It has been shown that the Post-Newtonian method is a feasible method for reproducing earth’s gravity field for lower and medium frequencies, provided that the technological development of space-borne atomic clocks proceeds in the future. Additionally it has been shown that the derived equations are valid within the defined mission scenario. The two dominant error contributions of this method are the atomic clock noise and the satellite velocity error of the precise orbit determination. The Doppler-effect, which also influences the frequency measurements, can be modeled with sufficient precision, so its error does not leak into the recovered gravity coefficients. It has to be mentioned that the simulations done here should be seen as a concept study and some more realistic simulations will be done to provide more information about the behaviour of the method.

A velocity determination precision up to 10−6 m/s and an atomic clock short term stability of 10−18 s is required to resolve the gravity field up to d/o 120. The main advantage of this method is its homogeneous and isotropic spatial error structure.

7 Outlook

With upcoming atomic clocks below 10−16 s short term stability and improving positioning and velocity determination methods, the presented method can be an additional piece for a global earth gravity field monitoring framework in a not too far future. Beside the single-satellite mission presented in this study, various satellite constellations and formations can be designed. In what extent satellite formations like Pendulum, Cartwheel or LISA-like lead to improved precision still has to be investigated by numerical simulations. There is no doubt that multi-satellite missions would underline the possible power of the Post-Newtonian method.

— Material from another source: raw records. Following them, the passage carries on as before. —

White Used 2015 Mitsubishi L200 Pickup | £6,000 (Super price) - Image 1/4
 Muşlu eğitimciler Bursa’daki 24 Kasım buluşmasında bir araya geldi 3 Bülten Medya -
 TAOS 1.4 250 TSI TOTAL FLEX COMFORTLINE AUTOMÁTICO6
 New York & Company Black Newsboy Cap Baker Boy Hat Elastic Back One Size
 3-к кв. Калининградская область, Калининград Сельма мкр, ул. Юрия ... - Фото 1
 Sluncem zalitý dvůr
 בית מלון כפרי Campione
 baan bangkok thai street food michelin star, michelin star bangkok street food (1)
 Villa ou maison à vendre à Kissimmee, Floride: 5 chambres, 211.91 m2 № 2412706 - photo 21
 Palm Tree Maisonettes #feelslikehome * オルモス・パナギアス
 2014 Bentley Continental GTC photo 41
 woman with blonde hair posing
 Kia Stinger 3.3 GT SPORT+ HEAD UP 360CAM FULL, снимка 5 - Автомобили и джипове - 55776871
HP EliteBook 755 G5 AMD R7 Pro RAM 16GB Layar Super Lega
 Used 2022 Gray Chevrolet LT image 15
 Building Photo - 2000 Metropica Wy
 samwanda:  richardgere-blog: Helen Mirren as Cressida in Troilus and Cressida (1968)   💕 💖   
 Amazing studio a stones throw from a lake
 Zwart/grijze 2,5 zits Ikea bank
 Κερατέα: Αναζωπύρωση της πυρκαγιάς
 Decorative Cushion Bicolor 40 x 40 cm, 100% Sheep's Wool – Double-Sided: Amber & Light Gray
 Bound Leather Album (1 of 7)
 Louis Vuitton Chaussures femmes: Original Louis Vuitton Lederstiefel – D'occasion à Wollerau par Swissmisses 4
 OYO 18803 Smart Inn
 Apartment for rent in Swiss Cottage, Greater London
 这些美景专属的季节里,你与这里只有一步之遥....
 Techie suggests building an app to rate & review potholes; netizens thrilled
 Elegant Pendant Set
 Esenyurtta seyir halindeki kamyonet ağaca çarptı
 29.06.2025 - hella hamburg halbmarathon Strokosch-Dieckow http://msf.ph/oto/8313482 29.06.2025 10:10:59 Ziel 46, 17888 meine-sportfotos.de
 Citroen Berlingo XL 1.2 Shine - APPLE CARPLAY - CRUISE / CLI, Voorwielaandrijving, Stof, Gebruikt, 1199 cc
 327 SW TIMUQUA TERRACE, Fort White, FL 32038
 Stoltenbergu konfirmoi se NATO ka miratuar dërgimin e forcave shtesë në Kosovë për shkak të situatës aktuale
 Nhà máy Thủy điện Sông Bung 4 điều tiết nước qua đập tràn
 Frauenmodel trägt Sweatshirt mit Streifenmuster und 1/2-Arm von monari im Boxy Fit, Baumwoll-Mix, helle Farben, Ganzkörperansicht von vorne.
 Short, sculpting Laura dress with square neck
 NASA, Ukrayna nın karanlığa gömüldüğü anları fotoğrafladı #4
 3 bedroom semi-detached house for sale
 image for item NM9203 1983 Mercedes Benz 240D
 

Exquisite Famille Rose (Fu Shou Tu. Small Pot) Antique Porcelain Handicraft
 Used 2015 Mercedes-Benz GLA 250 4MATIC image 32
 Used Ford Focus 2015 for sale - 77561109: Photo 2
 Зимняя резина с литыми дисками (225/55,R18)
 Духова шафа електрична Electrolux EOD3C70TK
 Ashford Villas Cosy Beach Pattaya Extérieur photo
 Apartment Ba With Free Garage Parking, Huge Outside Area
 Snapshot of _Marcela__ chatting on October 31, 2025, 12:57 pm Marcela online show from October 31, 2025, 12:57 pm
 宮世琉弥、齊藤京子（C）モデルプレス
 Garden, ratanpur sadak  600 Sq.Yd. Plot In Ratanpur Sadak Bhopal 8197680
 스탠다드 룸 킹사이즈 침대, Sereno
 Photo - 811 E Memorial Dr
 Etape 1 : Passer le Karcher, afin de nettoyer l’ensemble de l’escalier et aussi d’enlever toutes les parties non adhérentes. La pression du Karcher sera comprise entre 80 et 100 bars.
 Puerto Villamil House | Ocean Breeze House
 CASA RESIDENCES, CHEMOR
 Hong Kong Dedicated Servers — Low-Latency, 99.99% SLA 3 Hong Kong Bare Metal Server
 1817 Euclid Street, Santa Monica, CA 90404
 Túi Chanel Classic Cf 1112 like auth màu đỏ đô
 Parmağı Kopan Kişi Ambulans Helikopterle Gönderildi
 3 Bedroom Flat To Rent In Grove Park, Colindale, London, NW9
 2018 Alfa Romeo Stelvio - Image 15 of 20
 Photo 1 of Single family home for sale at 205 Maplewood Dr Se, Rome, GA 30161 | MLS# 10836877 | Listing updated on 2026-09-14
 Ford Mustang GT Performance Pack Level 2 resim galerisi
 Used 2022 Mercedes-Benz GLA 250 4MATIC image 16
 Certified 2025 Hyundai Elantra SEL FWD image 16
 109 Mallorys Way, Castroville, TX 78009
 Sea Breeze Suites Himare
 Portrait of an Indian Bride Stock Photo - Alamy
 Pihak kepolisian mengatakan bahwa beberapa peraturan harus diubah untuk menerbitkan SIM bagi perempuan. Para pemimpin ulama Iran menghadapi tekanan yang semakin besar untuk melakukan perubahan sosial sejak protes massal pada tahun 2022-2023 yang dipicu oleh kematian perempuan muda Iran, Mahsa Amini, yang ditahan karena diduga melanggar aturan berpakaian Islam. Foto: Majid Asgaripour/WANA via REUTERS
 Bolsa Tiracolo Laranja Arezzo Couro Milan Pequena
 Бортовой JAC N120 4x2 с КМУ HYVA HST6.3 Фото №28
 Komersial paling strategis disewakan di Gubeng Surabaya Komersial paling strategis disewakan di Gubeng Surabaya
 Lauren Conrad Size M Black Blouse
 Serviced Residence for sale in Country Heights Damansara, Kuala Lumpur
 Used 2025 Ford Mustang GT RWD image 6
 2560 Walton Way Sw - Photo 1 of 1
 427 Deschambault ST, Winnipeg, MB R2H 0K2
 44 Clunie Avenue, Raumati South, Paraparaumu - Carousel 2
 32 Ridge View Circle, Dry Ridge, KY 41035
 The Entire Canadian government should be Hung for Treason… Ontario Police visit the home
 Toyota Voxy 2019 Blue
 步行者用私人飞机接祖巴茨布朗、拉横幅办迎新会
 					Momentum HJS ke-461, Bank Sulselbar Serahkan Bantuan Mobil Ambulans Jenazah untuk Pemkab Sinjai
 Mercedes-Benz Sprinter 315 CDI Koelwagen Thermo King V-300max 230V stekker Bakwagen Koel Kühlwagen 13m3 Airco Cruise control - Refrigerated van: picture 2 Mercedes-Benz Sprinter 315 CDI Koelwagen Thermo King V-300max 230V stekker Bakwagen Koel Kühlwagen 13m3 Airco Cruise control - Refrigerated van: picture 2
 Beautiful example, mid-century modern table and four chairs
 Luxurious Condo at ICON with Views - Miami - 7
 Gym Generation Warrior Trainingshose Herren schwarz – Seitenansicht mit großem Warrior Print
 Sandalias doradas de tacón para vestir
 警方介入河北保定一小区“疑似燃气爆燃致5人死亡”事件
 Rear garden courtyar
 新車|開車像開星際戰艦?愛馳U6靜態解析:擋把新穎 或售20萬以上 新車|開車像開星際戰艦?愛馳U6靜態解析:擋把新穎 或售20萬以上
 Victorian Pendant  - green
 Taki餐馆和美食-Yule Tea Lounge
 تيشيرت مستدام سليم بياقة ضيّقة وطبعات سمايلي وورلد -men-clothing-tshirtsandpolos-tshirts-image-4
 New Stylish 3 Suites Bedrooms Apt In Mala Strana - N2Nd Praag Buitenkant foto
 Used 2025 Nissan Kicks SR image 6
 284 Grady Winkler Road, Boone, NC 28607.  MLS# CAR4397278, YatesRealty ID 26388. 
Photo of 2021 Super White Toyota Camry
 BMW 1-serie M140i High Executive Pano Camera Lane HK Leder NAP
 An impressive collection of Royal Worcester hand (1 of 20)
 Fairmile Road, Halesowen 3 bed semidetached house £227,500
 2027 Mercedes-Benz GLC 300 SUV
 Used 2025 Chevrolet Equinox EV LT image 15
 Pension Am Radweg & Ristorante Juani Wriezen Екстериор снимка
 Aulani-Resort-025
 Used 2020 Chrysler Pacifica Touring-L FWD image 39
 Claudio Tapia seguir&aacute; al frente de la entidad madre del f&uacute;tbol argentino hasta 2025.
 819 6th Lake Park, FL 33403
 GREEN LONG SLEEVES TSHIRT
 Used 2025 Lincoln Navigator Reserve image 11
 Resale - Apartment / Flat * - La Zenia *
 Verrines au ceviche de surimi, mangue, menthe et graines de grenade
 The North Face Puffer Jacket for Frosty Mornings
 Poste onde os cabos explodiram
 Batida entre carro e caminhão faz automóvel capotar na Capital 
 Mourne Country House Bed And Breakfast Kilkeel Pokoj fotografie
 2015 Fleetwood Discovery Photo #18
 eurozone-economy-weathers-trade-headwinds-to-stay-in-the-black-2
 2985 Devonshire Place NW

One, two or three geostationary satellites could be used as reference stations. Additional rover satellites could be placed in different orbit types. A dense network of satellites could improve the time resolution, so the time variable gravity field could be optimally mapped. These satellites could be equipped with two or more RF-antennas, so one satellite could establish a connection to two or more other satellites, which would further increase the measurement density of the network.

As the equations used in this study are strongly simplified, the influences of other effects have to be further investigated. First real orbits and non-conservative forces have to be modeled. Next, the influence of satellite rotation has to be investigated. Additional attitude information from star-tracker measurements and its noise behaviour have to be simulated. All observations and calculations have to be done in a relativistic framework. So the influences of frame transformations in this relativistic framework have to be investigated.

All other effects listed in Chap. 28.5.1 will be further investigated in upcoming simulations. This will lead to a much more complex mathematical description which will be harder to linearize, but will also be closer to reality. The main target of upcoming simulations will be to set up a more realistic environment and to design multi-satellite missions that support the advantages of the Post-Newtonian method. Moreover there will be done simulations concerning the time variable gravity field. It will be investigated how different mission design affects the quality of the static and time variable gravity field and if there is a possibility to deduce models with higher spatial and temporal resolution.